I’m working on a project with Bayesian stacking of stan_glm() linear models in rstanarm. To compare the performance of the stack to the individual member models (stored in fits_list), I want to calculate the elpd_loo of the stack, but I am unsure how to do so correctly. Here’s a code snippet of how I calculate the stacked predictions for the outcome “y”:

# Compute posterior predictive density 

ypredStack <- matrix(NA, nrow = n_draws, ncol = n_obs)
loglik_mat <- matrix(NA, nrow = n_draws, ncol = n_obs)

for (d in 1:n_draws) {
  k <- sample(1:length(wtsStacking, size = 1, prob = wtsStacking)
  ypredStack[d, ] <- posterior_predict(fits_list[[k]], draws = 1)
  loglik_mat[d,] <- t(as.matrix(log_lik(fits_list[[k]])[d,])) #is this correct?
}
stacked_loo <- loo(loglik_mat) 

The above code takes 1 draw from the log-likelihood matrix for the chosen model for each iteration over all draws. However, the loo results from this matrix shows the stack performs notably worse than 6/7 of the individual linear models in the ensemble - which is confusing to me.

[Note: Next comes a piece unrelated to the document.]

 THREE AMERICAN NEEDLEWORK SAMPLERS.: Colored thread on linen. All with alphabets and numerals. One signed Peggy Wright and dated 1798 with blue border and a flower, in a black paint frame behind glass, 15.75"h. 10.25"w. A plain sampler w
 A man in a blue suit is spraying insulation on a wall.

My question is - is this method a valid way to extract a log likelihood matrix for my ensemble? If not, is there a better method that allows me to make elpd_loo (or some other metric) comparisons directly?

Thank you for any and all guidance!

With Bayesian model averaging, where each model gets a weight in a simplex, you can just weight the likelihoods to create a mixture and carry that over into the log domain to get a log likelihood. If you restrict stacking weights to a simplex, you can define a mixture in the same way.

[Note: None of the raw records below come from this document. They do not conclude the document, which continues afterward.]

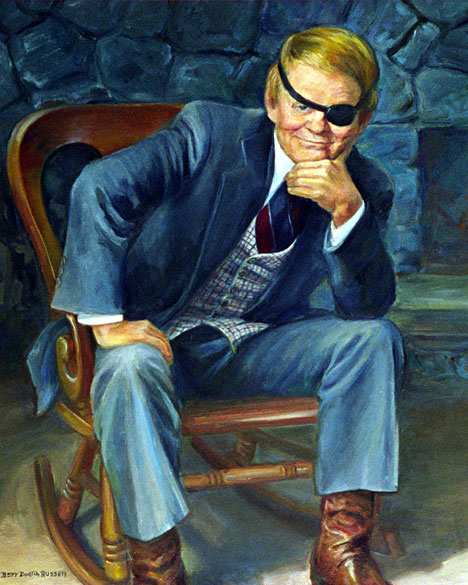 White man with eye patch in a suit sitting in a chair with fireplace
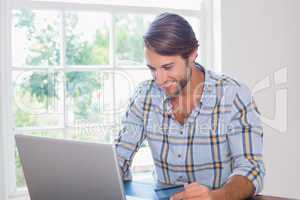 Smiling casual man using laptop to shop online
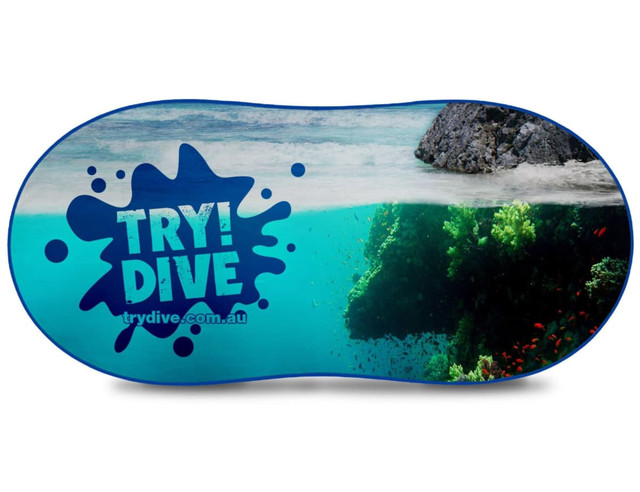 A full-colour auto sunshade featuring an underwater scene with vibrant fish and a rocky landscape. It has a logo.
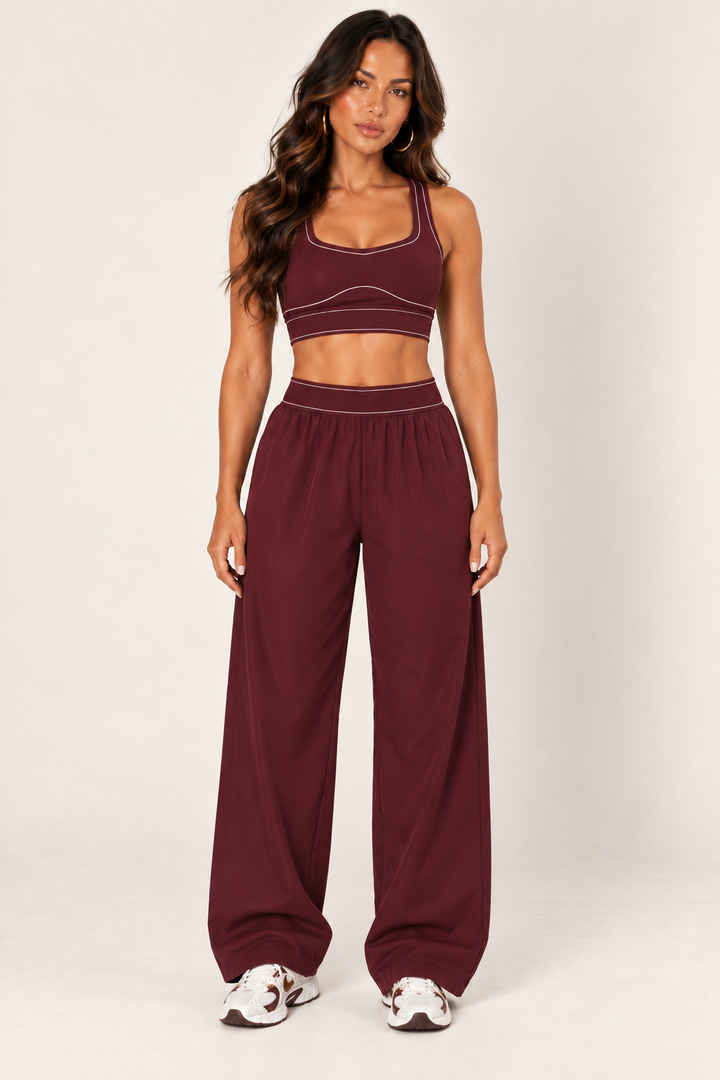 Glowy burgundy track pants — track front crop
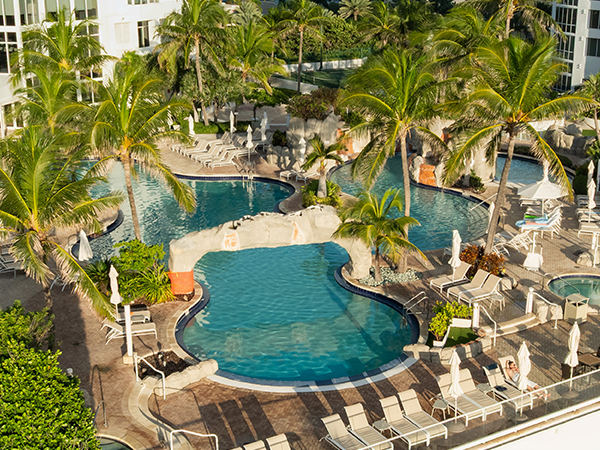 a pool with palm trees and a building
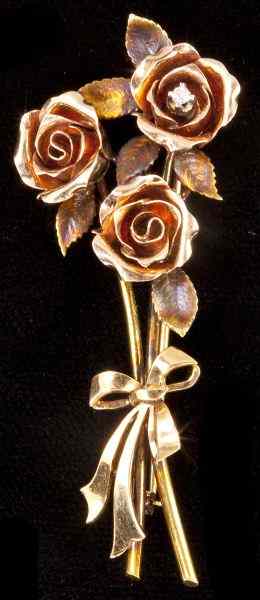 Appraisal: Gold and Diamond Flower Spray Brooch Krementzdesigned in rose and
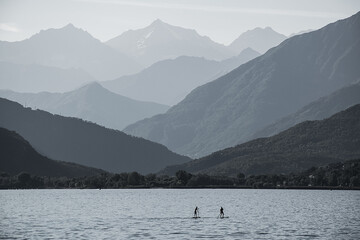 Tourists on SUP in the middle of the vast expanses of Lake Maggiore in Italy against the backdrop of beautiful mountains. The contour lighting creates a halftone perspective.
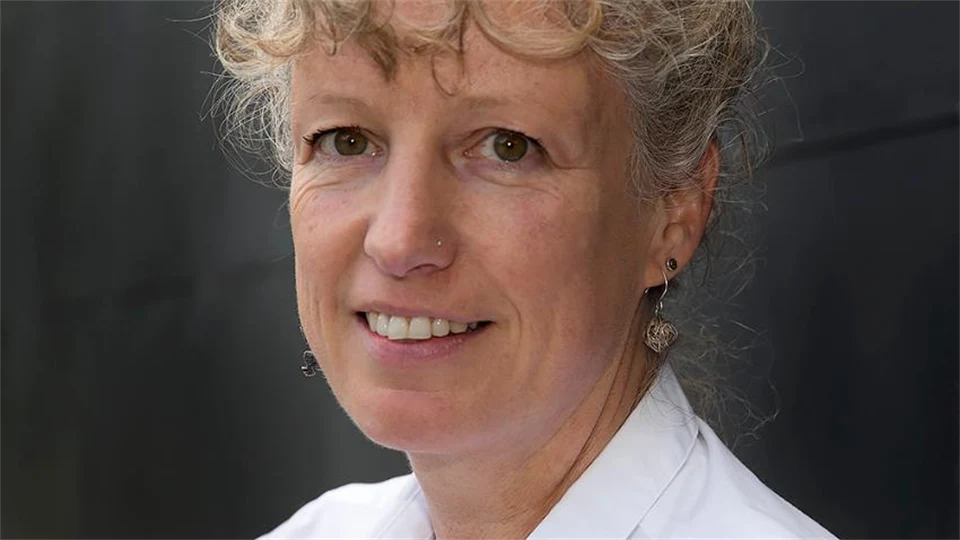 En kvinna i ljust hår i en vit skjorta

In practice, this means for each of the data items in your data set, you need to calculate a weighted average of the likelihoods on the log scale. With N data items and K models, it’s

log_lik[n] = log(SUM_k w[k] * likelihood[n, k])
           = LOG_SUM_EXP_k log(w[k]) + log(likelihood[n, k])

where w[k] is the weight of the k-th model with w forming a simplex (non-negative values that sum to 1), and likelihood[n, k] is the likelihood of the n-th data item in the k-th model.

1 Like

@Bob_Carpenter did give the correct answer, but further complication is that the weights have been optimized to maximize elpd, and thus the resulting weighted elpd is overoptimistic. To get a fair comparison against the individual model, the stacking procedure needs to be cross-validated, too (e.g. using K-fold-CV).

Cool. Thanks for the clarification.

Thank you both for the feedback and clarifications. I’ll keep this in mind going forward!